### EXTRACTED INFORMATION
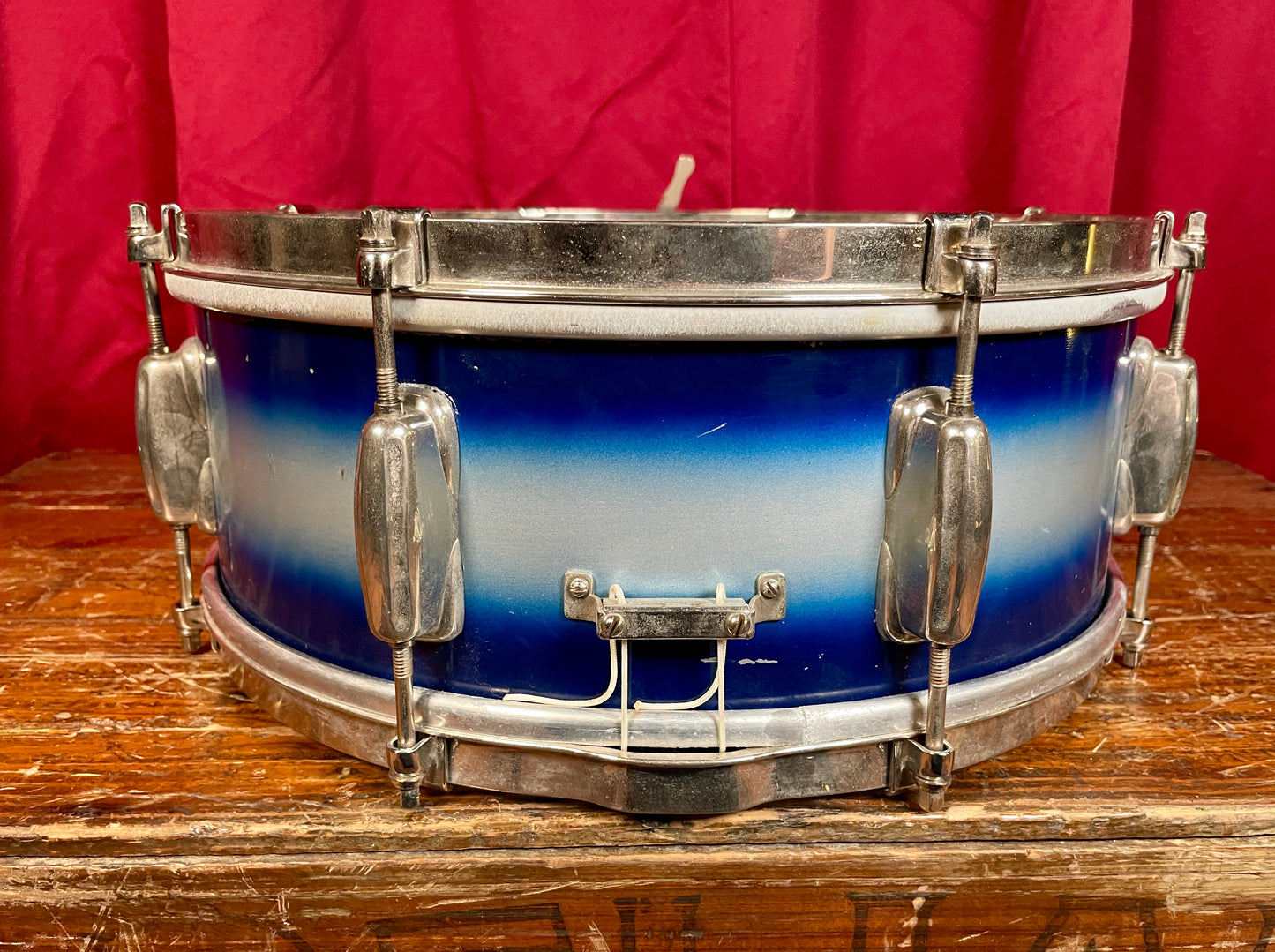 1950s Slingerland No. 151 Student Model 5.5x14 Radio King Snare Drum Blue / White Duco
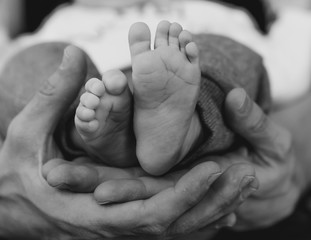 baby feet in mothers hands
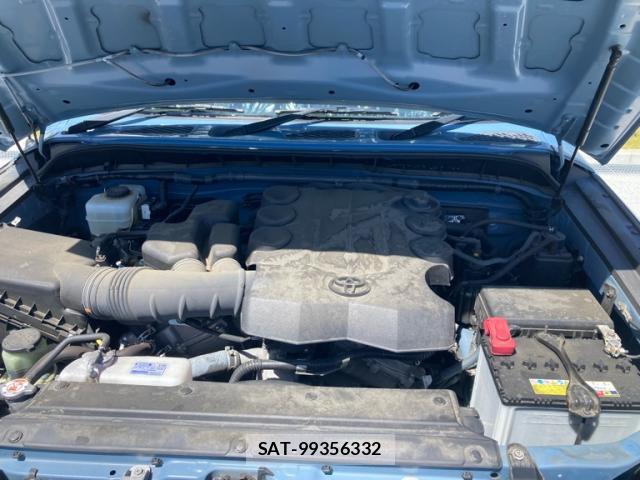 Toyota FJ CRUISER 2016-05 8812329-9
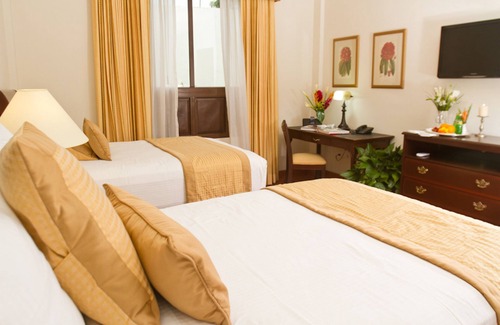 Chinandega Hotel | Hotel Los Portales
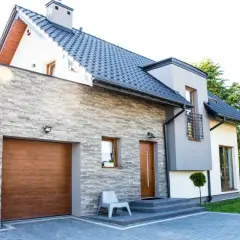 Jaką elewację wybrać do okien złoty dąb: 5 najlepszych zestawień kolorów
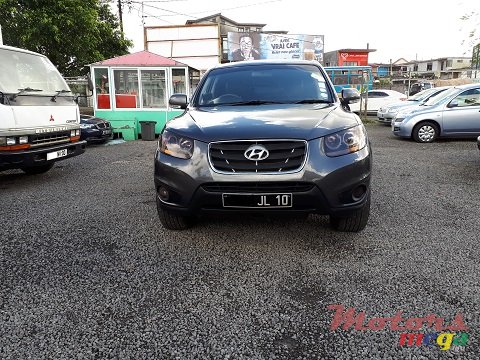 2010' Hyundai Santa Fe photo #4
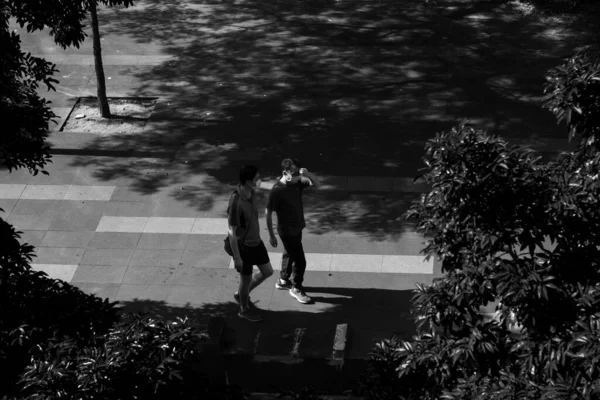 Μια Γραφική Ασπρόμαυρη Φωτογραφία Ανθρώπων Που Διασχίζουν Δρόμο Στην Πλατεία — Φωτογραφία Αρχείου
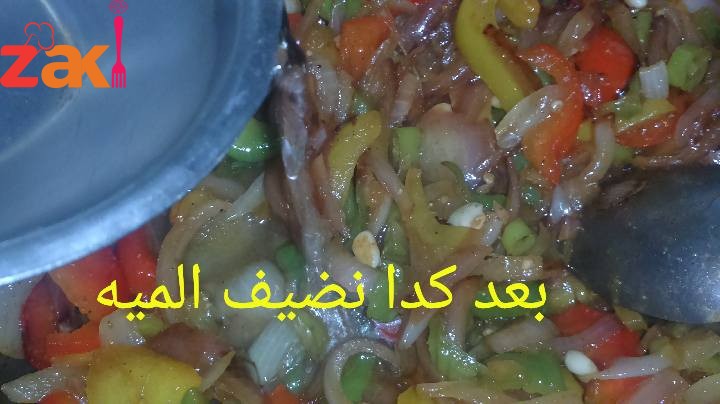 اوراك الدجاج بالبصل والفلفل الألوان لذيذه وخفيفة وسهله ان شاء الله تعجبكم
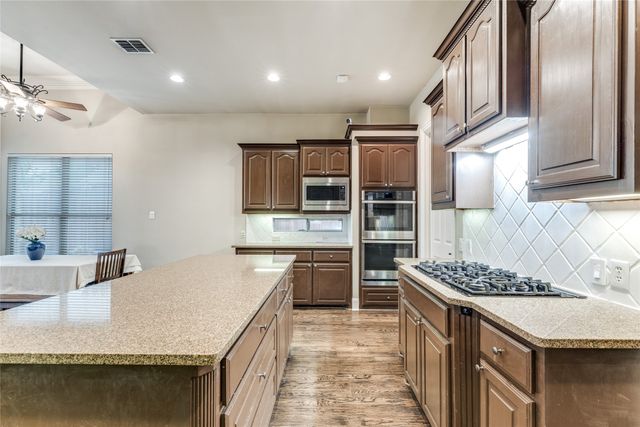 15347 Ridgewood Drive, Frisco, TX 75035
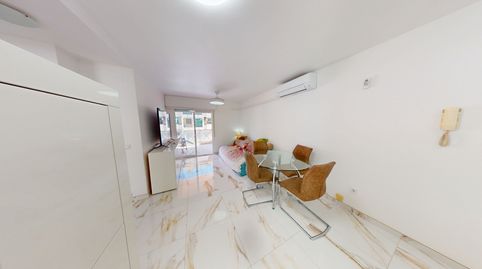 Foto 4 de Piso en venta en Calle San Luis, 21, Parque de las Naciones, Torrevieja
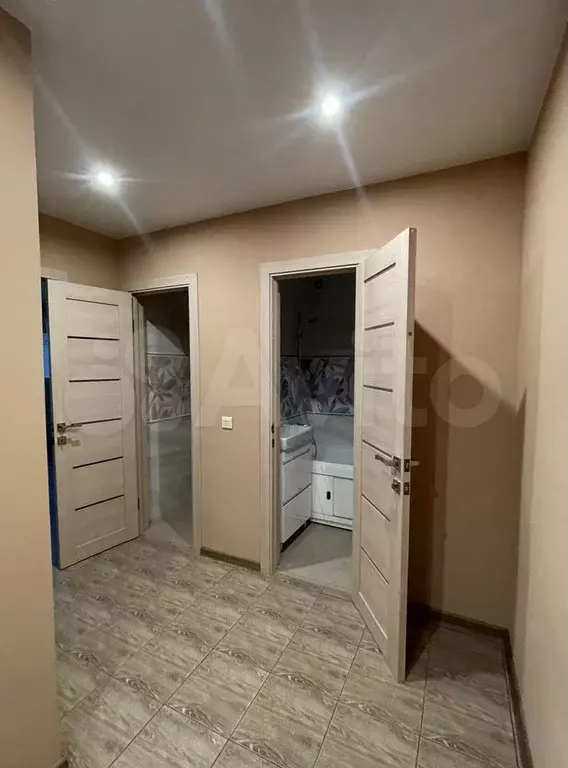 3-к. квартира, 55 м, 3/3 эт. - Фото 0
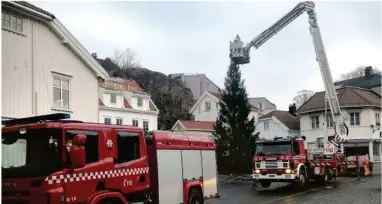  ?? FOTO: PAAL MALDE ?? NYTTIG: Brannvesen­ets maskinpark kommer stadig til nytte. Ikke bare i nødssituas­joner, men også når juletreet på Torvet skal pyntes, og når det skal fjernes. Det siste skjedde fredag.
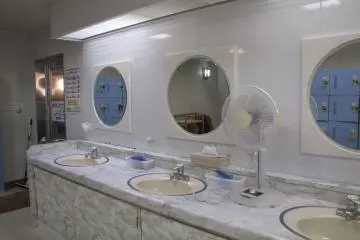 The spacious bathroom in the women's onsen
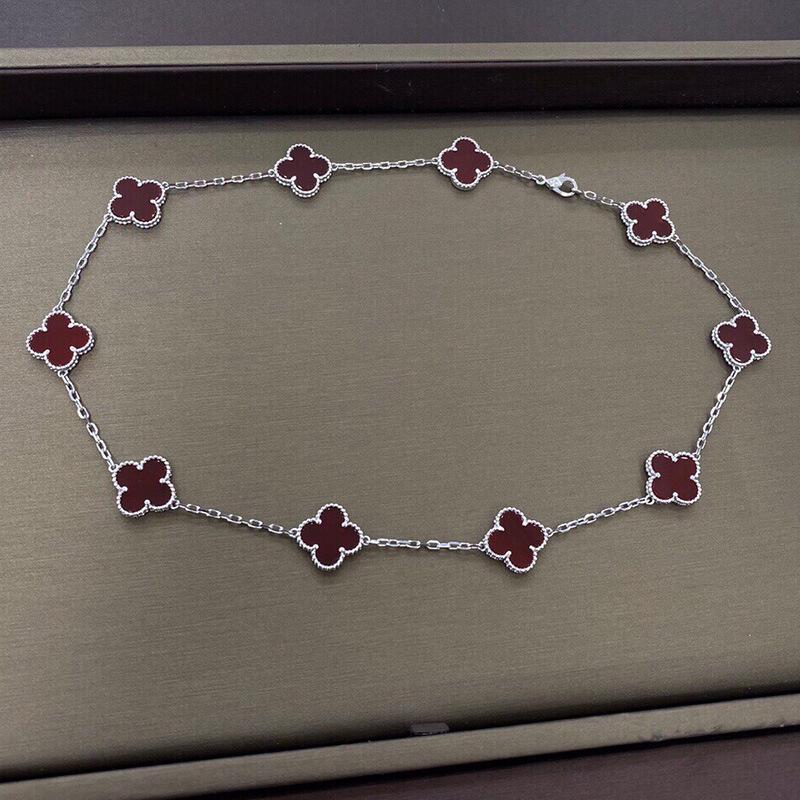 Boutique Four-leaf Clover 10 Flowers Necklace Women 18K Light Luxury Ins Design Sweater Chain Fashion Daily Versatile Necklace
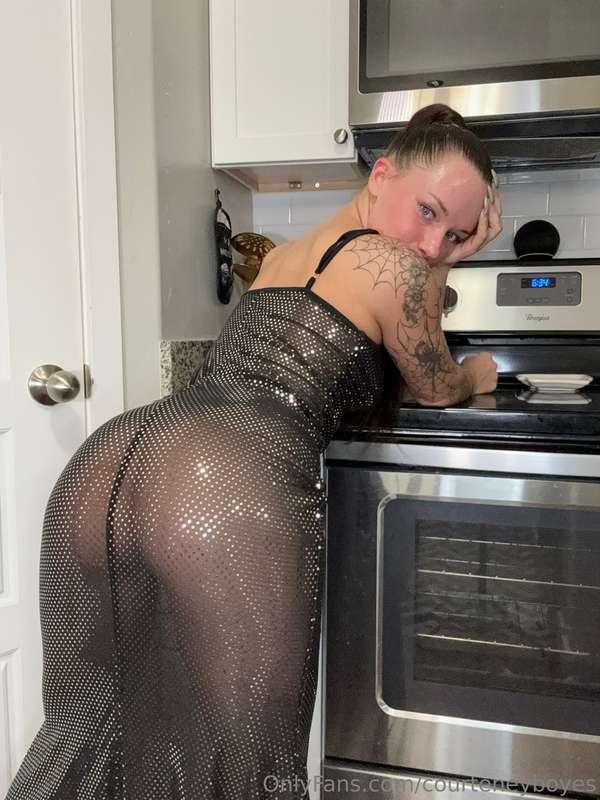 i’m just a horny girl on the stove begging for it 😩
######
#### [TASK ITEM]
Leaving out all pictures, repeat word for word the lines from the one containing "اوراك الدجاج بالبصل" through the final line of the material above.

#### [RESPONSE]
 اوراك الدجاج بالبصل والفلفل الألوان لذيذه وخفيفة وسهله ان شاء الله تعجبكم
 15347 Ridgewood Drive, Frisco, TX 75035
 Foto 4 de Piso en venta en Calle San Luis, 21, Parque de las Naciones, Torrevieja
 3-к. квартира, 55 м, 3/3 эт. - Фото 0
  ?? FOTO: PAAL MALDE ?? NYTTIG: Brannvesen­ets maskinpark kommer stadig til nytte. Ikke bare i nødssituas­joner, men også når juletreet på Torvet skal pyntes, og når det skal fjernes. Det siste skjedde fredag.
 The spacious bathroom in the women's onsen
 Boutique Four-leaf Clover 10 Flowers Necklace Women 18K Light Luxury Ins Design Sweater Chain Fashion Daily Versatile Necklace
 i’m just a horny girl on the stove begging for it 😩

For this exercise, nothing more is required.